En definitiva, habrá que pensar que Olivos nunca comprendió la naturaleza de su consagración, cuando sumó, a su voto no-peronista duro tradicional, el apoyo de desencantados del 54% cristinista. La segmentación del marketing estuvo ausente a la hora de gestionar: si para los primeros hubo el show constante de Comodoro Py, los segundos, que habían corrido a los brazos del ingeniero de apellido impronunciable en busca del bienestar que entendían que CFK ya no podía ni quería darles, salen de esta experiencia peor de lo que ingresaron, y se esfumó el 51%.

Las horas posteriores, mientras el periodismo que hasta las 18 horas del último domingo había abandonado el oficio corre hacia los botes del naufragio, revelan a un Macri que deja chica cualquier exageración que se haya trazado sobre él en los años que lleva como dirigente.

Su reclamo de autocrítica al vencedor expone que tanto ataque al peronismo, lejos de una estrategia proselitista, es también una convicción profunda, que no inventó pero que ha cultivado como nadie, sobre todo como programa de gobierno.
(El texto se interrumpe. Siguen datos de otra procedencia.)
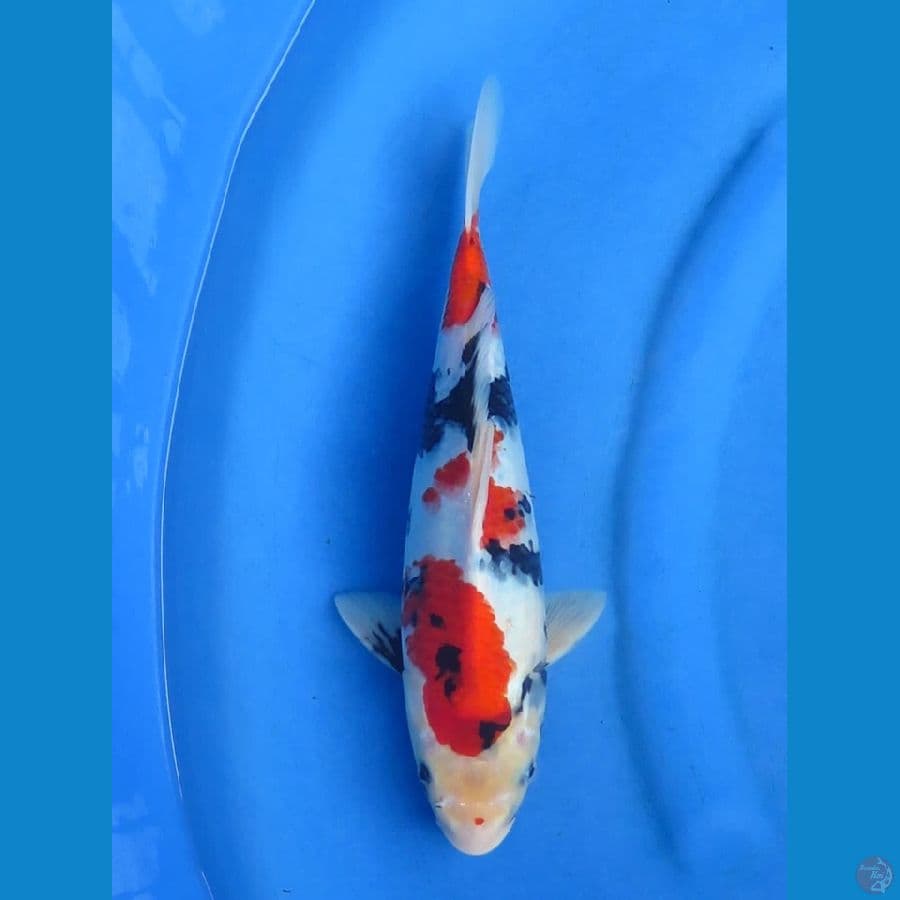 31cm - male showa evo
Si todos los actores en danza tienen que suscribir un recetario mayoritariamente repudiado, estamos, primero, hablando de un castillo de naipes; y segundo, de una democracia apenas formal, que no tolera un litigio de proyectos sino apenas que se cambie de ejecutor. En cualquier caso, el voto parece un drama en un país con aspiraciones bienestaristas para un esquema que considera ello un costo inabordable.
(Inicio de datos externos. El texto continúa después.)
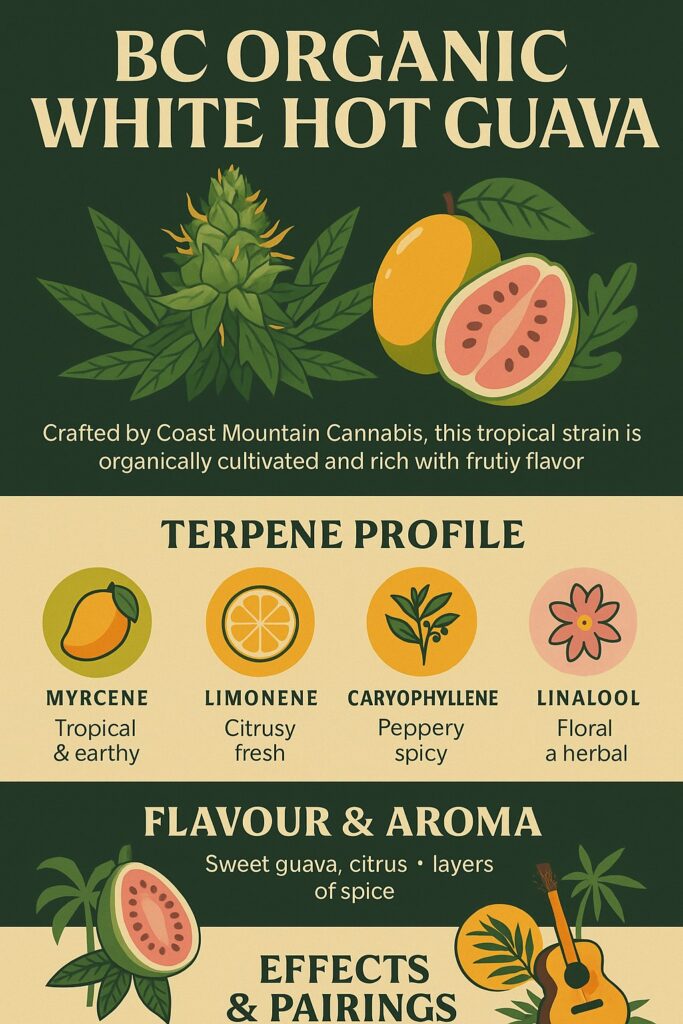 Exploring the Tropical Terpene Symphony of BC Organic White Hot Guava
Lo más probable es que estemos en presencia de una formación que ya se prepara para volver a rol opositor, y que, pensando en dicha instancia, dedica sus últimos esfuerzos a excitar a los propios de manera tal que el cuestionamiento al sucesor pegue directamente sobre su legitimidad. Si el proceso iniciado en el 47% con 15 de diferencia fuera de cualquier cálculo es descalificado, quien emerge del mismo carga con un vicio de origen, y así se justifica virulencia en su contra, eludiendo la puesta en debate de ideas que la campaña de Todos consiguió desplegar y que sepultó a Juntos por el Cambio debajo de una montaña de papeletas de desencanto.

Si Alberto y Cristina se permitieron divagar entre las porciones de pizza con que acompañaron sus análisis del triunfo, quizá habrán jugado a ponerle fecha al inicio del éxito.
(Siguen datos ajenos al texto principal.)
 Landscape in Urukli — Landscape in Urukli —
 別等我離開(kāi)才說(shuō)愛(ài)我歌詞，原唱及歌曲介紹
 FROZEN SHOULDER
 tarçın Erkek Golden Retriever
Tal vez hayan pensado en aquel 18 de mayo de este año, que ya va rumbo al museo de los mitos del movimiento, cuando la presidenta mandato cumplido cedió a favor del ex jefe de gabinete. O en el 12 de junio posterior, cuando se alcanzó el acuerdo con Sergio Massa. A lo mejor retrocedieron hasta el día de diciembre de 2017 en que se reencontraron después de una década de distanciamiento y, comprendiendo que hacía falta dejar a un costado todo aquello, pusieron manos a la obra para volver mientras casi unánimemente se hablaba de penitencia hasta 2023 para el peronismo. Puede que hayan sumado a la polémica las jornadas de la reforma jubilatoria, cercanas a su reconciliación, cuando empezó a resquebrajarse el romance entre el macrismo y ciertas clases medias. Por qué no pensar en el 25 de abril de 2018, cuando se disparó la corrida cambiaria que expuso (con la sencillez que a veces los números impiden) la inviabilidad esencial de la economía macrista. O en el 8 de mayo de 2018, cuando el Presidente decidió regresar al FMI y se compró un paquete de medidas intragable electoralmente. Capaz retrocedieron de vuelta hasta el 9 de enero de 2018, cuando Luis Caputo obtuvo el último dólar de deuda privada que estiró la ilusión del gobierno de las elites sin zozobras. Acaso incluyeron el calendario electoral de 2015, que incubó este fallido que nunca aceptó que se lo eligió para ir a por más, y no lo contrario.

Si la sabiduría que los llevó a completar la hazaña persiste, habrán concluido en que todas son importantes, porque dibujan en su completa dimensión un giro que se nutrió tanto del destino ineludible de piña que supuso siempre Cambiemos, como de la reflexión que llevó al armado del Frente de Todos para que una nueva mayoría se convenciera de que FF no son un clavo por otro.